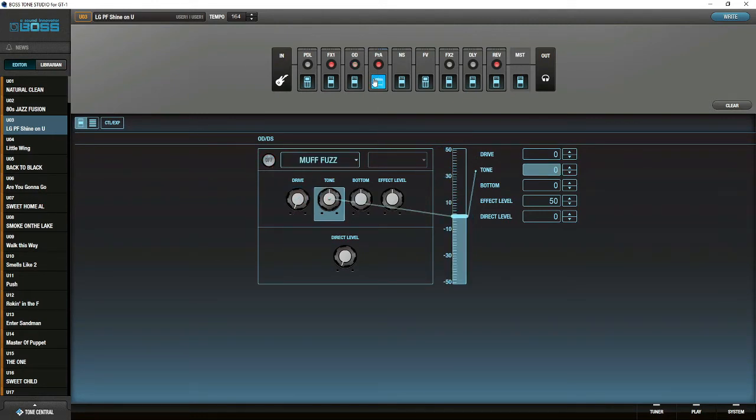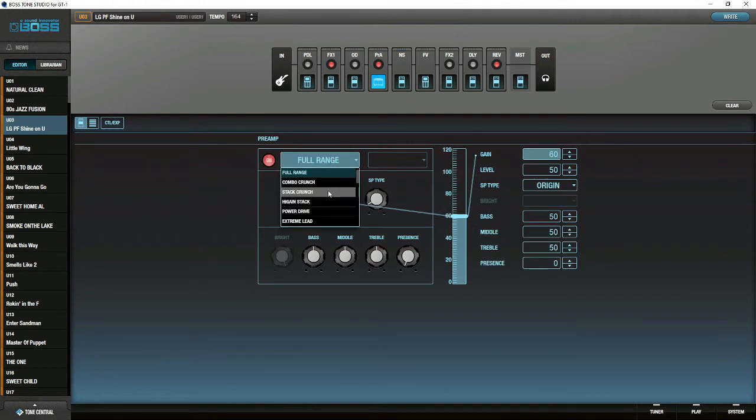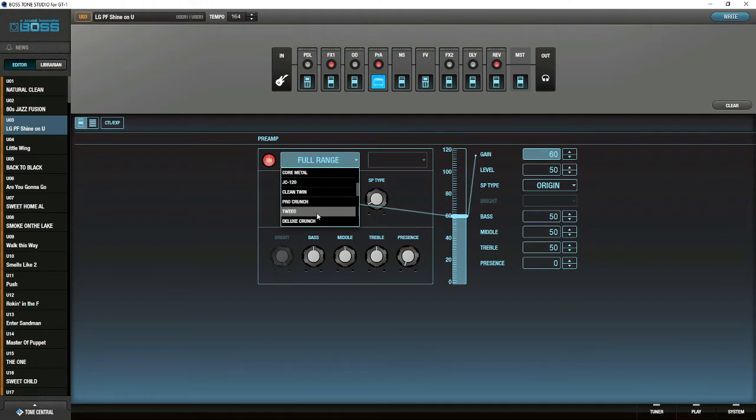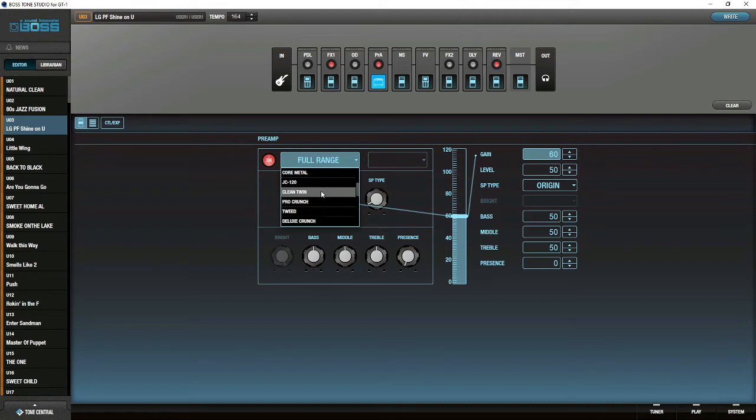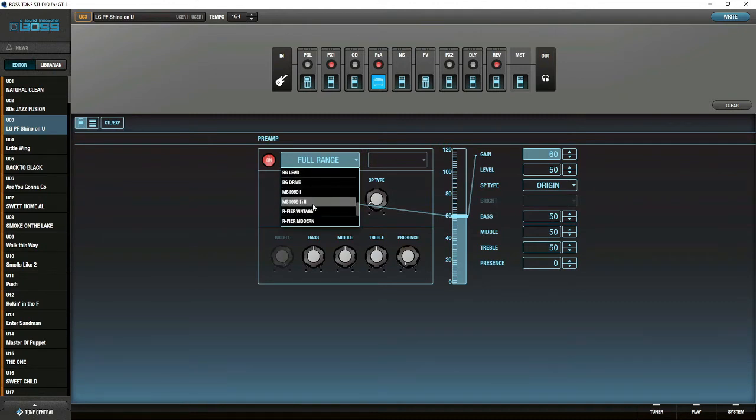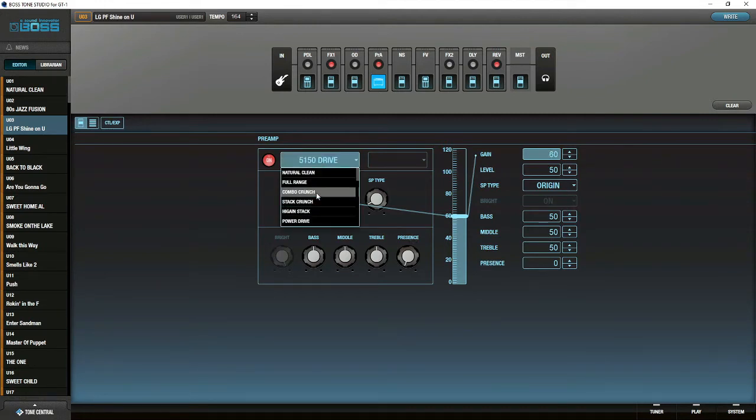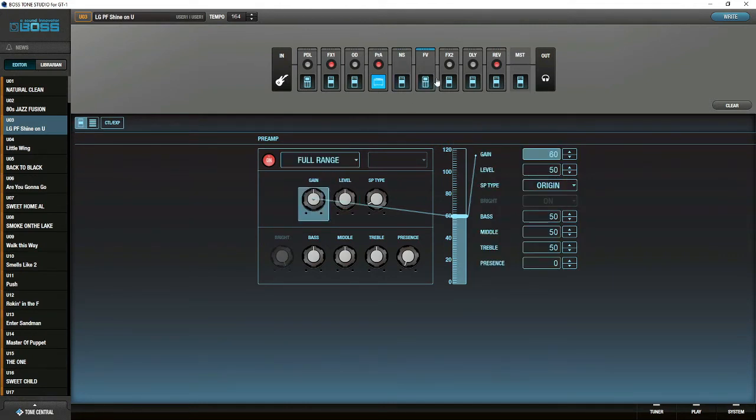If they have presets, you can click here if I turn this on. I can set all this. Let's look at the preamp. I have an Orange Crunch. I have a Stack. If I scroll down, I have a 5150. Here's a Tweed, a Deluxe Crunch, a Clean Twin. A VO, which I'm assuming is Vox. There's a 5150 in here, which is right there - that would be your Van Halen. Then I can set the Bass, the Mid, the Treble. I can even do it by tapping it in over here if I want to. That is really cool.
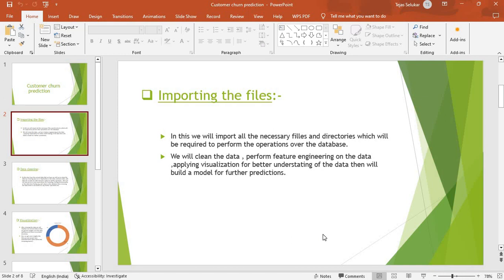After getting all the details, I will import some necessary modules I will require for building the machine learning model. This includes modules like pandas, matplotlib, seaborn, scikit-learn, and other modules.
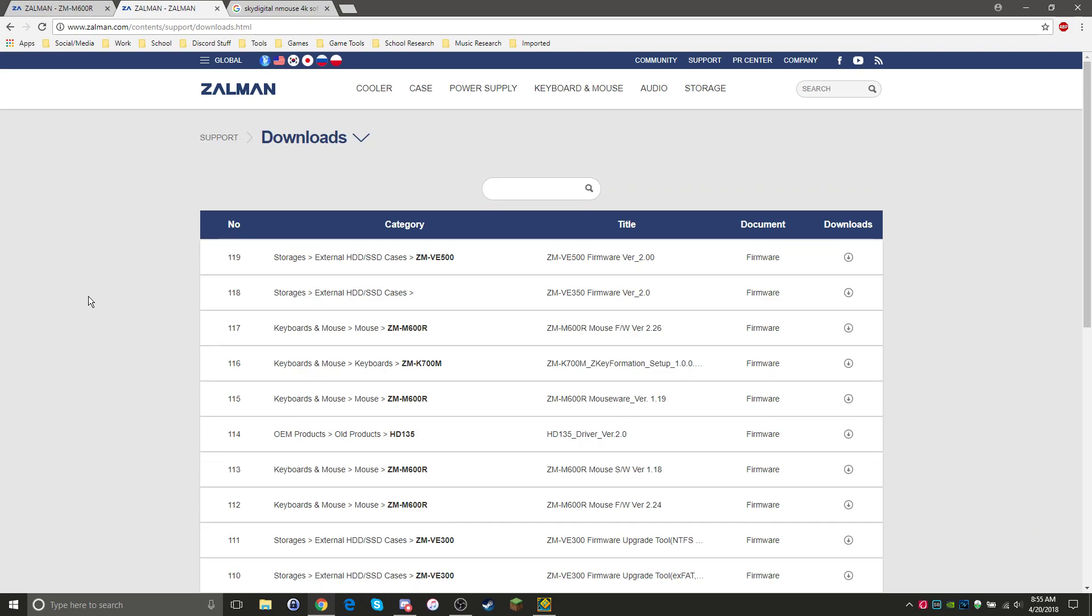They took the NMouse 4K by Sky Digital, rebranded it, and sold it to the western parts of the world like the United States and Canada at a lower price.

-------------------------

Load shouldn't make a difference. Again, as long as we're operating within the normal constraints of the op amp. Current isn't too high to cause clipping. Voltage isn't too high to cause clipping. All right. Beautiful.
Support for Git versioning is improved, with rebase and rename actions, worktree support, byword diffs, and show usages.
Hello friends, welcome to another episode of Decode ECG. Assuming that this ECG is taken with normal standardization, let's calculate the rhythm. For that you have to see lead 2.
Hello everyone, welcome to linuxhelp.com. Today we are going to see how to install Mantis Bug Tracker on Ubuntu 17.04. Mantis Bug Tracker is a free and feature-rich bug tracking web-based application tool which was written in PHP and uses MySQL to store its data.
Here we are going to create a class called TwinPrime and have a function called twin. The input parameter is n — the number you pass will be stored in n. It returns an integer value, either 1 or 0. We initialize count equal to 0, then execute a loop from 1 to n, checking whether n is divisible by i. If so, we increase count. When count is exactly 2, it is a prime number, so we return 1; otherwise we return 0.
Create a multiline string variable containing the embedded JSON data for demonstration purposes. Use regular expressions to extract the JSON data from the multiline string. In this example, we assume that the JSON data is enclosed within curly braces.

-------------------------

* Prompt:
Could you reproduce exactly the lines of the entries above, from the one with "Support for Git" through the one with "Hello friends, welcome", and nothing else?

* Solution for this problem:
Support for Git versioning is improved, with rebase and rename actions, worktree support, byword diffs, and show usages.
Hello friends, welcome to another episode of Decode ECG. Assuming that this ECG is taken with normal standardization, let's calculate the rhythm. For that you have to see lead 2.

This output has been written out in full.